-------- Listed records --------

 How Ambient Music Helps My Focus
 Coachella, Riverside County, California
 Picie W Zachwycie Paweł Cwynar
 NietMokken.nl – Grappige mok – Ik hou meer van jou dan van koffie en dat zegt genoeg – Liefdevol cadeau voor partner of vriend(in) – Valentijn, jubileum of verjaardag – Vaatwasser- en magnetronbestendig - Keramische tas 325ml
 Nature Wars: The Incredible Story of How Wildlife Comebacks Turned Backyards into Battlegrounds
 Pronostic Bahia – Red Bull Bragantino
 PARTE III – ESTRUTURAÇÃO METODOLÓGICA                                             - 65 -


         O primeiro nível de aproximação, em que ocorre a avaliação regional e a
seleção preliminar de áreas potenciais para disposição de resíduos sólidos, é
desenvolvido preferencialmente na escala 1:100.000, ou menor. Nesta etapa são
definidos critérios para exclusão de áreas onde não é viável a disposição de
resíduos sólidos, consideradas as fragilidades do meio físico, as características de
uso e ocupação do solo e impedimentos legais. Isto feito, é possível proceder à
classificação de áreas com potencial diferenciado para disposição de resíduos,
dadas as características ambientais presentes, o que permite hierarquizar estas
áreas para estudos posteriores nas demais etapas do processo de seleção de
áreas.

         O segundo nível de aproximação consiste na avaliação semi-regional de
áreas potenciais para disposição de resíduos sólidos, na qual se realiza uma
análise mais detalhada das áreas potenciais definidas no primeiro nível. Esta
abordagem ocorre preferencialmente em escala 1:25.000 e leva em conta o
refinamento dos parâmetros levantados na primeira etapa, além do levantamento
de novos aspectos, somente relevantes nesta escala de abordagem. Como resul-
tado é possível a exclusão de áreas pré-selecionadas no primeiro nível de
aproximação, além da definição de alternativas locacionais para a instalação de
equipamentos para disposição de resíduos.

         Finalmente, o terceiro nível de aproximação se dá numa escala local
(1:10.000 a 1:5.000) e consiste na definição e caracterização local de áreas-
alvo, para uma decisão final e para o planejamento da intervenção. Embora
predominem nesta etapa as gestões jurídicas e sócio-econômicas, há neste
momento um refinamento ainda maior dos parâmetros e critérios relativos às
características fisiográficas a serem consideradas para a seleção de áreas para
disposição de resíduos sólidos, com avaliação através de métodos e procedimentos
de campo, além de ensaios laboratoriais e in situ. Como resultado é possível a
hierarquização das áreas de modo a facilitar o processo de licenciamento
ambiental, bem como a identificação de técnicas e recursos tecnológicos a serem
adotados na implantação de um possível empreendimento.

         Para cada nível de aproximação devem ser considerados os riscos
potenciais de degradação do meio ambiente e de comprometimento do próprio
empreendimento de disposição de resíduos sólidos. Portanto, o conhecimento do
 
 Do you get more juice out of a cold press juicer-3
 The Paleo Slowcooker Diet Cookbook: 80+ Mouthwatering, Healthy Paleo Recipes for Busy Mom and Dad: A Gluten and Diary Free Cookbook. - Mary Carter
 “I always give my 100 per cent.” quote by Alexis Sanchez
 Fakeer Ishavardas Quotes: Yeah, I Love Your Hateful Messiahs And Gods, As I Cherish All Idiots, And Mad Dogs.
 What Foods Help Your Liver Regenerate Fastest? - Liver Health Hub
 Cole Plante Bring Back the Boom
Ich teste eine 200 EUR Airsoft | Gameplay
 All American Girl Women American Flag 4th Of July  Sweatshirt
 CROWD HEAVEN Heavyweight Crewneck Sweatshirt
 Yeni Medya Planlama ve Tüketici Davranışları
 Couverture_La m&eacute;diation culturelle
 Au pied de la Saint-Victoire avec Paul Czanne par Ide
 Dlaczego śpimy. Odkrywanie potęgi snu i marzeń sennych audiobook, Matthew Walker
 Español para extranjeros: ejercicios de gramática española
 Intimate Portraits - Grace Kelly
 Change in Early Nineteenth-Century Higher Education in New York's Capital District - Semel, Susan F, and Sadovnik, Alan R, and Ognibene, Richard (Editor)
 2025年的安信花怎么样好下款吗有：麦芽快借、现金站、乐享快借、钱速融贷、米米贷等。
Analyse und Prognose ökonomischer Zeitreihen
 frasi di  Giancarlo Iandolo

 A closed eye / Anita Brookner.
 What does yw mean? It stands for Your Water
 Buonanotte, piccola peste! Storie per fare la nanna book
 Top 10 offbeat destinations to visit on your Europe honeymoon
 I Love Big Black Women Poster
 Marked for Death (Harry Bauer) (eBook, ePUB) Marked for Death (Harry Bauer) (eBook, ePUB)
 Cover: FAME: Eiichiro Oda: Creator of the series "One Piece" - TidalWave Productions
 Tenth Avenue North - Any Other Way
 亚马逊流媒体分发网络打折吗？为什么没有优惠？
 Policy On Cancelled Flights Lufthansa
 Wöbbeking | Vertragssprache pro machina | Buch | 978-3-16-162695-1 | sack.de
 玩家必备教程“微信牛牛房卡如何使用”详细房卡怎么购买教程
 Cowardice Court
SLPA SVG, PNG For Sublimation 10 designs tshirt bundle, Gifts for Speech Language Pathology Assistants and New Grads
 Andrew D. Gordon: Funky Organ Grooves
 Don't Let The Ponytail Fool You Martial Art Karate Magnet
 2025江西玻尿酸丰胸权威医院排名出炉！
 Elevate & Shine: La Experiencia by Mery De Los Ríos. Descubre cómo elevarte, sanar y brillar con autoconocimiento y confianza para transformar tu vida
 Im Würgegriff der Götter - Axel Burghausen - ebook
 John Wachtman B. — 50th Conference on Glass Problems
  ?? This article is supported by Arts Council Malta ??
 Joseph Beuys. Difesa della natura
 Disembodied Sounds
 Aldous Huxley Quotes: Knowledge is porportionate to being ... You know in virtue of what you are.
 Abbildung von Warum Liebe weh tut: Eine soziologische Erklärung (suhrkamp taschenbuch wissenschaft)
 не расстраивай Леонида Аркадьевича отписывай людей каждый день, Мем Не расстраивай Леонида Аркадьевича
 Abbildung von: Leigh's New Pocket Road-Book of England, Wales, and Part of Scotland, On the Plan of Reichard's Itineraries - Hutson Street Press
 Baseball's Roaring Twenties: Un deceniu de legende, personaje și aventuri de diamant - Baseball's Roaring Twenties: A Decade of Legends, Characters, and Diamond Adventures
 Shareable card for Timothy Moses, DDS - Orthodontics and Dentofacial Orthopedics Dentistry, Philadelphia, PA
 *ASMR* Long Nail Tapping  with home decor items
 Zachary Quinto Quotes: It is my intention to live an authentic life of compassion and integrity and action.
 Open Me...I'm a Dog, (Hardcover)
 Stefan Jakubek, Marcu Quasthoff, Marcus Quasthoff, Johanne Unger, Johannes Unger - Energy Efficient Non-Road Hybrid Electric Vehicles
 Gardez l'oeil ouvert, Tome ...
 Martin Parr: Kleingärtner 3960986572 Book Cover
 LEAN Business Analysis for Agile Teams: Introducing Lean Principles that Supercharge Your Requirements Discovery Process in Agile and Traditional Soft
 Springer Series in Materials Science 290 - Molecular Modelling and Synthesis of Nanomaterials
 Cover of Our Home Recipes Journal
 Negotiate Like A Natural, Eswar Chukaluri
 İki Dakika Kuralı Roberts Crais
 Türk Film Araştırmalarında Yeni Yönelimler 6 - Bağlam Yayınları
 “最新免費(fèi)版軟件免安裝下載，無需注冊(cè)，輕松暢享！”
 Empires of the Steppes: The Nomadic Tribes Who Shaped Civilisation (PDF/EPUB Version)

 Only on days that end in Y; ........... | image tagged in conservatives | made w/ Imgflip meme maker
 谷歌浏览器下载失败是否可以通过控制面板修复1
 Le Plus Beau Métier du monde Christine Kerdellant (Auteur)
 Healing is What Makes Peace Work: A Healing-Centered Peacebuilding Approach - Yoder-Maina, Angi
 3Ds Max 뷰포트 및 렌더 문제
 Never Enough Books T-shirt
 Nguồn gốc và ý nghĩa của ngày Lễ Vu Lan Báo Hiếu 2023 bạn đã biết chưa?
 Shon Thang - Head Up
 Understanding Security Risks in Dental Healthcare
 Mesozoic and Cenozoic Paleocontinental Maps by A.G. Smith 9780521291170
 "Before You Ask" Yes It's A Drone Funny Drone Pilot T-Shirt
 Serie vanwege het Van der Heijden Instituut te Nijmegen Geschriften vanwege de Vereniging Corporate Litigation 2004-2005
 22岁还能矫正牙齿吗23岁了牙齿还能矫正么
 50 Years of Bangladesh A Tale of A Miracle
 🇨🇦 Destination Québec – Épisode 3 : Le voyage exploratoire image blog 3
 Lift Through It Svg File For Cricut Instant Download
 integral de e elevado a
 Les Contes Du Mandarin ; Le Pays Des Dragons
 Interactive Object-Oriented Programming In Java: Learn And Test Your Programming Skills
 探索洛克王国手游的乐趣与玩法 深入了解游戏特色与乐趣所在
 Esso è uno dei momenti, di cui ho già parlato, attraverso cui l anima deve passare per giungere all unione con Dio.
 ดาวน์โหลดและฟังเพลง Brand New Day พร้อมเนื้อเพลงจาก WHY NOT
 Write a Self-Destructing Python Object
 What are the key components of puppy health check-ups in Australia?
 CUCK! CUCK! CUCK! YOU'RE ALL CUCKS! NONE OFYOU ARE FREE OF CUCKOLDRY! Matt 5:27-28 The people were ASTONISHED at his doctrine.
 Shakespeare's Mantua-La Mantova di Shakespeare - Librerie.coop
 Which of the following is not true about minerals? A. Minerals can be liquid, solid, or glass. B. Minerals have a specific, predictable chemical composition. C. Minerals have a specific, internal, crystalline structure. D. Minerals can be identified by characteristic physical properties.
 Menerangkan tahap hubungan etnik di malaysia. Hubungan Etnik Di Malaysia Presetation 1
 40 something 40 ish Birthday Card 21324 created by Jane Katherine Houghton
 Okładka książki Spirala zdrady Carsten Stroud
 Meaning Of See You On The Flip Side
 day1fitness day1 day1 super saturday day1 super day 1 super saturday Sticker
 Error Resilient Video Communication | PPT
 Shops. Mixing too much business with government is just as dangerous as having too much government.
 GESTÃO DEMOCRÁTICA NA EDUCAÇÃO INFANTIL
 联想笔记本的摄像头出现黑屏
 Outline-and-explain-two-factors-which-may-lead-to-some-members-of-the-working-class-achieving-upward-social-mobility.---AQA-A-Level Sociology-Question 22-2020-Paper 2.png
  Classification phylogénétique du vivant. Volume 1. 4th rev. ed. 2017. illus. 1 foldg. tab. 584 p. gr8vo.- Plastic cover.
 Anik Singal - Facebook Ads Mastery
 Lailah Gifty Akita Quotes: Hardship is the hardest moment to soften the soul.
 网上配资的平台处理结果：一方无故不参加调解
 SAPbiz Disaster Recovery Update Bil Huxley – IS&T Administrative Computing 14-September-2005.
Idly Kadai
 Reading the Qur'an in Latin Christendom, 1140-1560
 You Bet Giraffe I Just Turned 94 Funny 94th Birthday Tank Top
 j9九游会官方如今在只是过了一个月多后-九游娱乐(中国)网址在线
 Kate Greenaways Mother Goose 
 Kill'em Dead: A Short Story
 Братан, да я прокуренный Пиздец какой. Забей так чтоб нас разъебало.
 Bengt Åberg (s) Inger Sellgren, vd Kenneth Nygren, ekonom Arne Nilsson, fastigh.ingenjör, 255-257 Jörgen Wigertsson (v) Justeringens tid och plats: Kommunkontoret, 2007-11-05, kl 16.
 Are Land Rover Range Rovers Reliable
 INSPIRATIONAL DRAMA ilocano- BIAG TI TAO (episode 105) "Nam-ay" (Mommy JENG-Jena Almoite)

--------

* [Task requirements]:
Would you retype exactly the lines above, from the line with "Gardez l'oeil ouvert, Tome ..." to the line with "50 Years of Bangladesh A Tale of A Miracle", with both end lines kept and nothing more?

* [Result]:
 Gardez l'oeil ouvert, Tome ...
 Martin Parr: Kleingärtner 3960986572 Book Cover
 LEAN Business Analysis for Agile Teams: Introducing Lean Principles that Supercharge Your Requirements Discovery Process in Agile and Traditional Soft
 Springer Series in Materials Science 290 - Molecular Modelling and Synthesis of Nanomaterials
 Cover of Our Home Recipes Journal
 Negotiate Like A Natural, Eswar Chukaluri
 İki Dakika Kuralı Roberts Crais
 Türk Film Araştırmalarında Yeni Yönelimler 6 - Bağlam Yayınları
 “最新免費(fèi)版軟件免安裝下載，無需注冊(cè)，輕松暢享！”
 Empires of the Steppes: The Nomadic Tribes Who Shaped Civilisation (PDF/EPUB Version)

 Only on days that end in Y; ........... | image tagged in conservatives | made w/ Imgflip meme maker
 谷歌浏览器下载失败是否可以通过控制面板修复1
 Le Plus Beau Métier du monde Christine Kerdellant (Auteur)
 Healing is What Makes Peace Work: A Healing-Centered Peacebuilding Approach - Yoder-Maina, Angi
 3Ds Max 뷰포트 및 렌더 문제
 Never Enough Books T-shirt
 Nguồn gốc và ý nghĩa của ngày Lễ Vu Lan Báo Hiếu 2023 bạn đã biết chưa?
 Shon Thang - Head Up
 Understanding Security Risks in Dental Healthcare
 Mesozoic and Cenozoic Paleocontinental Maps by A.G. Smith 9780521291170
 "Before You Ask" Yes It's A Drone Funny Drone Pilot T-Shirt
 Serie vanwege het Van der Heijden Instituut te Nijmegen Geschriften vanwege de Vereniging Corporate Litigation 2004-2005
 22岁还能矫正牙齿吗23岁了牙齿还能矫正么
 50 Years of Bangladesh A Tale of A Miracle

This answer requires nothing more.